Anti Tai Mapping for Unordered Labeled Trees

TL;DR

This paper introduces the concept of anti Tai mappings for unordered labeled trees, providing polynomial algorithms for special cases and a lower bound approach for the general problem, aiding in solving the maximum-weight Tai mapping.

Contribution

It defines anti Tai mappings and develops polynomial algorithms for cases where one tree is a path and for a restricted class of mappings, advancing methods to approximate maximum-weight Tai mappings.

Findings

Polynomial-time algorithm for anti Tai mapping when one tree is a path.

Extension to a lower bound for general unordered trees.

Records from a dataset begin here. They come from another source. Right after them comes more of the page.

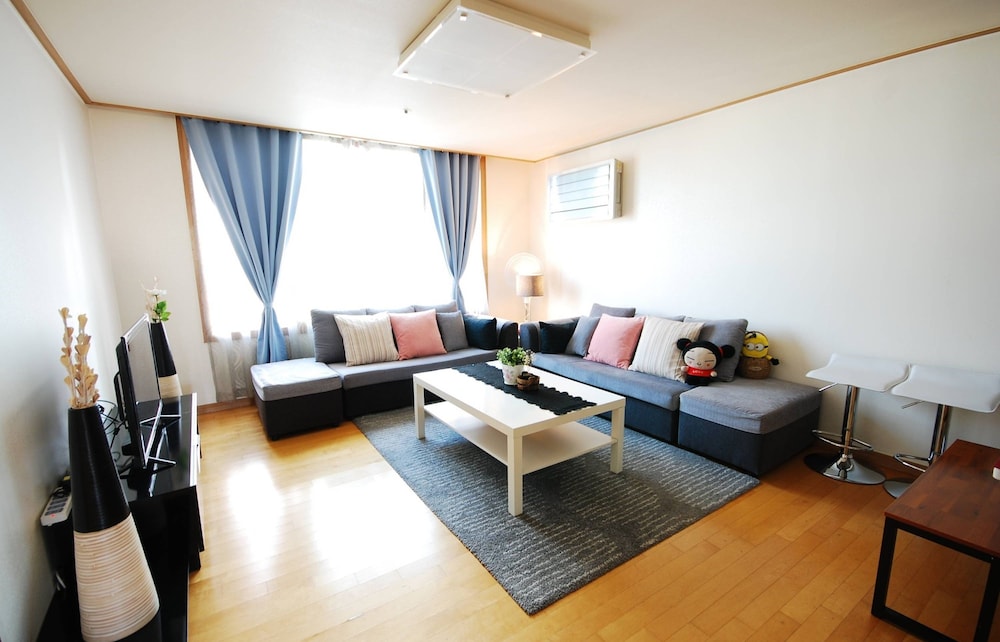 JIN COZY HOUSE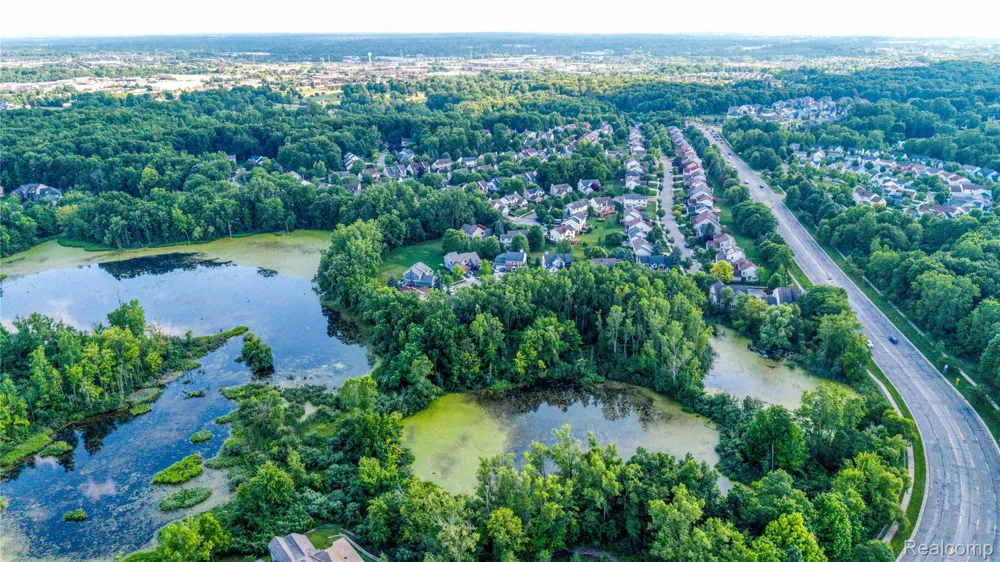 42790 Ledgeview Drive Novi City, MI 48377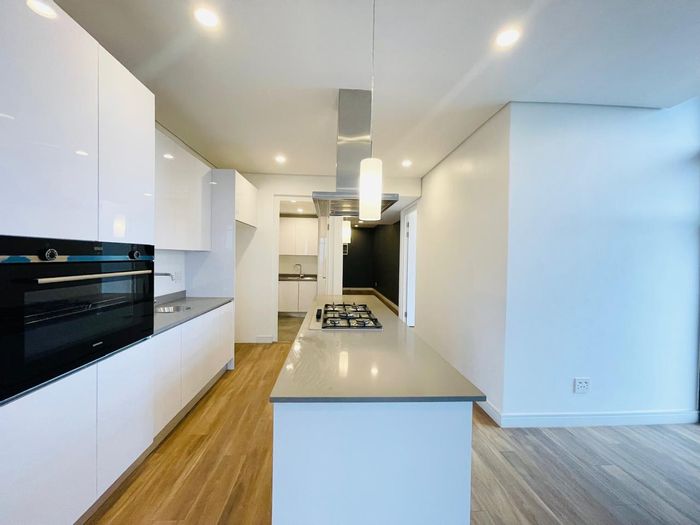 Spacious Illovo Apartment To Rent: 3 Bedrooms, Gym, Pool, Secure Parking.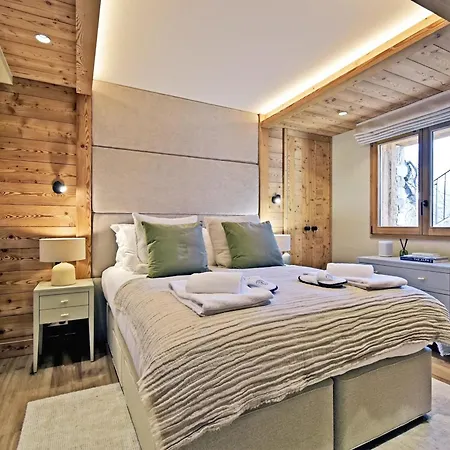 Chalet Luxueux Avec Piscine Interieure Et Sauna - 5 Chambres, 12 Pers., Proche Commerces Et Pistes - Fr-1-613b-44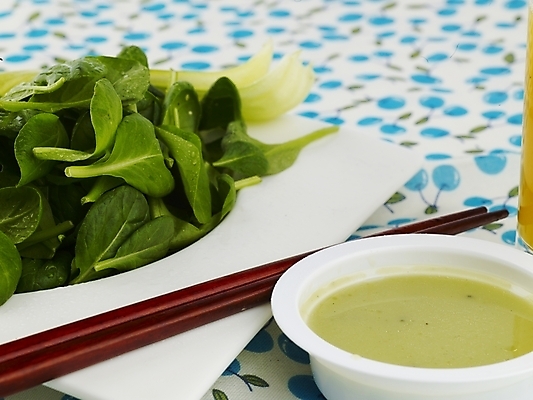 포토 JPG 스튜디오촬영 그릇 접시 웰빙 음식 채소 젓가락 서양음식 실내 근접촬영 사람없음 장식 가로 초록색 샐러드 식탁보 웰빙음식 국내포토 식기 뷰포인트 컬러 수저 내부 건강식 파일형식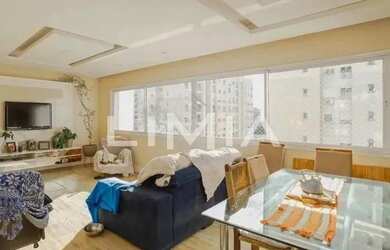 Imagem: O apartamento possui 3 Dormitórios, 2 Banheiros, 3 Vagas na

Efficient algorithm for a restricted class of anti Tai mappings in quadratic time.

Abstract

The well-studied Tai mapping between two rooted labeled trees $T_1(V_1, E_1)$ and $T_2(V_2, E_2)$ defines a one-to-one mapping between nodes in $T_1$ and $T_2$ that preserves ancestor relationship. For unordered trees the problem of finding a maximum-weight Tai mapping is known to be NP-complete. In this work, we define an anti Tai mapping $M\subseteq V_1\times V_2$ as a binary relation between two unordered labeled trees such that any two $(x,y), (x', y')\in M$ violate ancestor relationship and thus cannot be part of the same Tai mapping, i.e. $(x\le x' \iff y\not \le y') \vee (x'\le x \iff y'\not \le y)$, given an ancestor order $x<x'$ meaning that $x$ is an ancestor of $x'$. Finding a maximum-weight anti Tai mapping arises in the cutting plane method for solving the maximum-weight Tai mapping problem via integer programming. We give an efficient polynomial-time algorithm for finding a maximum-weight anti Tai mapping for the case when one of the two trees is a path and further show how to extend this result in order to provide a polynomially computable lower bound on the optimal anti Tai mapping for two unordered labeled trees. The latter result stems from the special class of anti Tai mapping defined by the more restricted condition $x\sim x' \iff y\not\sim y'$, where $\sim$ denotes that two nodes belong to the same root-to-leaf path. For this class, we give an efficient algorithm that solves the problem directly on two unordered trees in $O(|V_1|^2|V_2|^2)$.